### WHAT NEEDS TO BE DONE:
Find every line in the entries that holds the string "iPhone" and report it.

# # #

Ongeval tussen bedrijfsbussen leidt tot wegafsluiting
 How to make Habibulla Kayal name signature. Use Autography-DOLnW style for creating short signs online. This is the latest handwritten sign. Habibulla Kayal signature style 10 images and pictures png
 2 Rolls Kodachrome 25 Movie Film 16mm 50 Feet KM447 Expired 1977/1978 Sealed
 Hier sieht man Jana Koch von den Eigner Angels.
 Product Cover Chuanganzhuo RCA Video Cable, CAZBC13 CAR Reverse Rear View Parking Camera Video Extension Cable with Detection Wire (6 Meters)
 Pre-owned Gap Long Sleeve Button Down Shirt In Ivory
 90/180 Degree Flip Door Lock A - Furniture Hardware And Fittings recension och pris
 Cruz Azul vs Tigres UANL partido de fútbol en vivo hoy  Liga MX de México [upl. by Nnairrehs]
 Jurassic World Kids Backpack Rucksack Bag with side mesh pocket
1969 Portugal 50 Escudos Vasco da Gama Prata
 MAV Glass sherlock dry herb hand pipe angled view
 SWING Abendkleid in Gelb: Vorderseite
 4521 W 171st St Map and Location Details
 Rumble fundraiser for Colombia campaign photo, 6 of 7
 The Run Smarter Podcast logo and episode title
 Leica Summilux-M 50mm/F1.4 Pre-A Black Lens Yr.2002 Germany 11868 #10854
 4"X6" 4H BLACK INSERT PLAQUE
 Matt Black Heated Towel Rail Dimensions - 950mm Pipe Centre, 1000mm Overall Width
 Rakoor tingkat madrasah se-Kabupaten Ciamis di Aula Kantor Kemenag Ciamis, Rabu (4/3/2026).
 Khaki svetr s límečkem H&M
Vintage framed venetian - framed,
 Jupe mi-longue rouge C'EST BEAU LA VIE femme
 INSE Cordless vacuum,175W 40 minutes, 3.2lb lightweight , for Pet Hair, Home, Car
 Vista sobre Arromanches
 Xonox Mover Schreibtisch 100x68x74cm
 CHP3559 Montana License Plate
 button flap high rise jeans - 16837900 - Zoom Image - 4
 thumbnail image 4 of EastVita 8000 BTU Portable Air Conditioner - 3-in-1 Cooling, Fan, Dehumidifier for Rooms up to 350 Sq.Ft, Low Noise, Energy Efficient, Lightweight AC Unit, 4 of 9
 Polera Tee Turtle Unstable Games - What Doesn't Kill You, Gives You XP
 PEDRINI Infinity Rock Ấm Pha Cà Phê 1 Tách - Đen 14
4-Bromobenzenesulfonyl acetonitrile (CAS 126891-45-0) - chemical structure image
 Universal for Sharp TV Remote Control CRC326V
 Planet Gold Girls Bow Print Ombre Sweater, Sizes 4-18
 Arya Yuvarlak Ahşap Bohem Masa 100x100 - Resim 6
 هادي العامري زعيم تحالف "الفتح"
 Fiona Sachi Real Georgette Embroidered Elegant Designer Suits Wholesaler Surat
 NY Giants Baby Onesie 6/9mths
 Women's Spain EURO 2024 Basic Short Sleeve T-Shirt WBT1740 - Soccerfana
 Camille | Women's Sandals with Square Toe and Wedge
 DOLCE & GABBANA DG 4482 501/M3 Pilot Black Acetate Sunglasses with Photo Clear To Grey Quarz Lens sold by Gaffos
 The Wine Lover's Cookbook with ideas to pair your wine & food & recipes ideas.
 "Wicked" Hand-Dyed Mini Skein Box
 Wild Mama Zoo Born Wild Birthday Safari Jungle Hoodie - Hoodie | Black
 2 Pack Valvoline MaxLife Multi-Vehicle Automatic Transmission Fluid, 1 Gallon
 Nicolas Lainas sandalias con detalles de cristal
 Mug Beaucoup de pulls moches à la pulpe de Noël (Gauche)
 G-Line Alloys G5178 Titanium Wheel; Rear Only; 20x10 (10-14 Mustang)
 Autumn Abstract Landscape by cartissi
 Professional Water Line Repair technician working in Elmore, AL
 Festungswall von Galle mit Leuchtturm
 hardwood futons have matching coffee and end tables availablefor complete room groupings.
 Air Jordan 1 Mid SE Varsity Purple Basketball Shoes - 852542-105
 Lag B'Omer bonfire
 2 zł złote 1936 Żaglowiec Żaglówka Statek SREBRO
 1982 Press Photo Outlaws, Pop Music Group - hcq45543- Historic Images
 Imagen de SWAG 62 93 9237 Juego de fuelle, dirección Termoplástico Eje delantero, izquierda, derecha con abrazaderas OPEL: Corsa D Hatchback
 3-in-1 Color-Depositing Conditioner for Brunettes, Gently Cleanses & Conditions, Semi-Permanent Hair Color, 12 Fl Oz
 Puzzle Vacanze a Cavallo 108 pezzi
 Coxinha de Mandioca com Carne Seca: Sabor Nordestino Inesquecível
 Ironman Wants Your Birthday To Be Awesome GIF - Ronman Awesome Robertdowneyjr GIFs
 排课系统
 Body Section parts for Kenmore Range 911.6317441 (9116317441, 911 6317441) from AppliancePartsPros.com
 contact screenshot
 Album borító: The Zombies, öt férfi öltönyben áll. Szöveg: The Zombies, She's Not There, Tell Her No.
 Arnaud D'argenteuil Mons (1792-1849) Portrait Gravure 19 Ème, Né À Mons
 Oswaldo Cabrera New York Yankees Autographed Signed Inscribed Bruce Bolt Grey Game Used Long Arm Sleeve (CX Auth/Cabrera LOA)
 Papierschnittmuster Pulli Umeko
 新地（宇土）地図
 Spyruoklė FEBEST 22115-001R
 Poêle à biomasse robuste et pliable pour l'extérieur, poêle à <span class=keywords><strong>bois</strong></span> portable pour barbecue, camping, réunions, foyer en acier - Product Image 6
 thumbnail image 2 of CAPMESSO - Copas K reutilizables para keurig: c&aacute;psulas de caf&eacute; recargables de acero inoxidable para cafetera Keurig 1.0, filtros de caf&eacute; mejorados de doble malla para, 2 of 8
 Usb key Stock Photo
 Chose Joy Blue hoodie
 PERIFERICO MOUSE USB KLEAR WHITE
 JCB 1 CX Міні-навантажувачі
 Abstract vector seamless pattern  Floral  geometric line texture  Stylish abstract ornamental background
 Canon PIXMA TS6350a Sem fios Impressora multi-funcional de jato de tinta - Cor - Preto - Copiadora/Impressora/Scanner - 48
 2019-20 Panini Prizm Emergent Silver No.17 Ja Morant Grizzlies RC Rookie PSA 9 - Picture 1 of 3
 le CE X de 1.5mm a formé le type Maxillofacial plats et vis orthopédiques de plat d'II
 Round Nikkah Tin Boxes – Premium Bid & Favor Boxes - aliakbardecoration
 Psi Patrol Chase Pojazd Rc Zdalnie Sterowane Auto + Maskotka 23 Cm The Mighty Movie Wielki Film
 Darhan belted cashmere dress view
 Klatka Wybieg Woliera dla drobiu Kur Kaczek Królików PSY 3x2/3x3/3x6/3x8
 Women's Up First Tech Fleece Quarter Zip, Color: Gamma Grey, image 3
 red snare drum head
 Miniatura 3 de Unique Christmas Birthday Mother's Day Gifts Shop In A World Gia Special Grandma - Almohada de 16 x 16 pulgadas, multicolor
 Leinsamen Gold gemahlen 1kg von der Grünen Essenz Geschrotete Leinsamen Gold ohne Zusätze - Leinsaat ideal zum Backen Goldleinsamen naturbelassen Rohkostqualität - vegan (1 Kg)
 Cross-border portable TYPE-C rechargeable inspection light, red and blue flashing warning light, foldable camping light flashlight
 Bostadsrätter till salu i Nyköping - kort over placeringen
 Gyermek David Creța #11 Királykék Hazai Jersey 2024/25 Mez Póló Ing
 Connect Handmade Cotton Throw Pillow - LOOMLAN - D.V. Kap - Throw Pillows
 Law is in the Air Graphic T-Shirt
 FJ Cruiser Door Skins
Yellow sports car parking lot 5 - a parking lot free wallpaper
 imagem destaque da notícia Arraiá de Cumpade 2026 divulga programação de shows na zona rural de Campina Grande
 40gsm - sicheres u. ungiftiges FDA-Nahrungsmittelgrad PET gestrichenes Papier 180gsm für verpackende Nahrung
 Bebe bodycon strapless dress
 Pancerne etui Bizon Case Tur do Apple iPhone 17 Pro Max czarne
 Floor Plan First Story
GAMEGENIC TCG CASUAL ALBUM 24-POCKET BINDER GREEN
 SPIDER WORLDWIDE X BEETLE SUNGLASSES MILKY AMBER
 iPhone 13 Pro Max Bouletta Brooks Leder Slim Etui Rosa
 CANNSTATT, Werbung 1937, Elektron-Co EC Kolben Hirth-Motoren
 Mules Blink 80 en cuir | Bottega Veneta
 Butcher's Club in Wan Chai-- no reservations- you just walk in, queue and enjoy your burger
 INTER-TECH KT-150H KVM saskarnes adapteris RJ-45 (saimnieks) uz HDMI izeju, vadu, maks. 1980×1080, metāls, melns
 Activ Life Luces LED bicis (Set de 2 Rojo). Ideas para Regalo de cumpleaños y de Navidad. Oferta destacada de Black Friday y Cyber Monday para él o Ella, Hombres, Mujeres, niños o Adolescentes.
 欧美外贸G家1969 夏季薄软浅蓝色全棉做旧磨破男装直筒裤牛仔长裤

# # #

### RESULT OF THE EXERCISE:
 Pancerne etui Bizon Case Tur do Apple iPhone 17 Pro Max czarne
 iPhone 13 Pro Max Bouletta Brooks Leder Slim Etui Rosa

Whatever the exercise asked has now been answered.